Lauenburg. Hunde fördern die Konzentration von Kindern. Das Projekt „Lesen frei Schnauze“ gibt es in Lauenburg seit 2016.

„Ich kann noch nicht so gut lesen“, sagt Finn leise. Der Neunjährige freut sich trotzdem auf die Vorlesezeit in der Stadtbücherei. Sein Zuhörer „Sam“ lacht nämlich nicht, wenn er sich mal verhaspelt. Er wird auch nicht ungeduldig, wenn er aus Versehen mit dem Finger in den Zeilen verrutscht.

Fynn hat sich das Kinderbuch „Alfons – Volle Fahrt voraus“ ausgesucht. Bevor es losgeht, legt ihm „Sam“ seinen großen Kopf auf die Beine. Es sieht aus, als würde der Hund tatsächlich zuhören, wenn der Junge ihm von Alfons vorliest, der sich freut, mit der alten Bimmelbahn endlich wieder seine Oma zu besuchen. Wenn Fynn die Buchseiten umblättert, blinzelt „Sam“ manchmal mit einem Auge, ansonsten gibt der Hund keinen Mucks von sich.
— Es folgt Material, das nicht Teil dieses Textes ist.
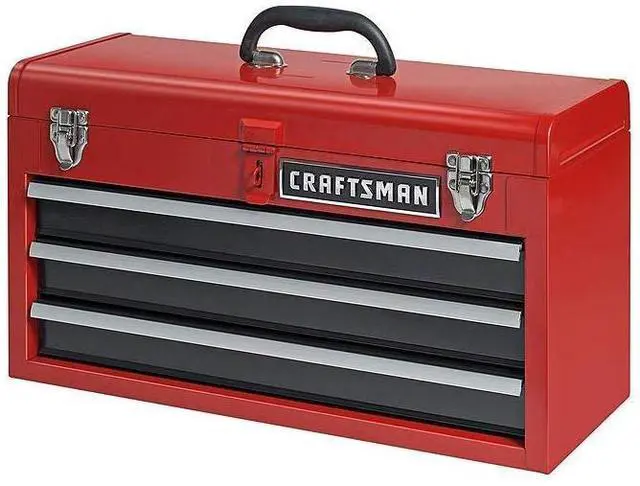 Main image of 3-Drawer Metal Portable Chest Toolbox Red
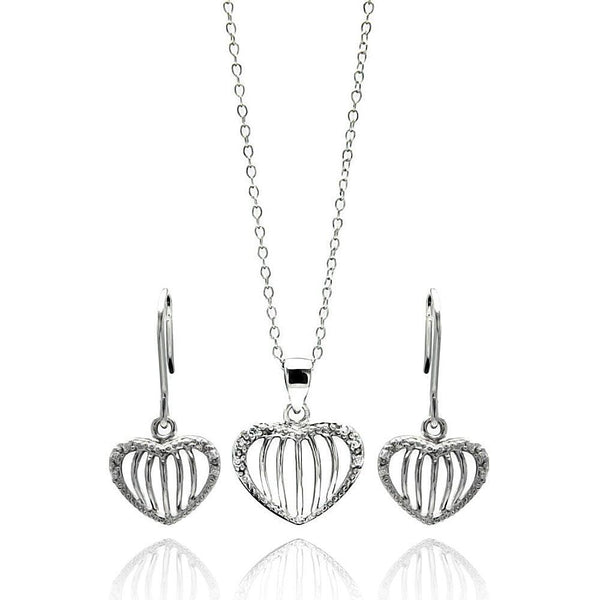 Silver 925 Rhodium Plated Open Heart Stripe CZ Stud Earring and Necklace Set - STS00434 | Silver Palace Inc.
Kinder lesen „Sam“ gern vor

Einmal in der Woche kommt Sabine Tairinowski mit ihrem „Sam“ in die Stadt- und Schulbücherei am Weingarten. Sie weiß dann schon, welche Kinder ihrem Hund heute vorlesen werden. „Sam“ wird sofort von einer Gruppe Mädchen umringt, die alle gern Vorleserinnen für den tierischen Zuhörer sein würden. „Lesen frei Schnauze“ heißt das Projekt, und die Deutschlehrer der Weingartenschule sind froh darüber, dass sich auch solche Kinder um die Zeit mit „Sam“ reißen, die sonst mit Büchern nicht allzu viel am Hut haben.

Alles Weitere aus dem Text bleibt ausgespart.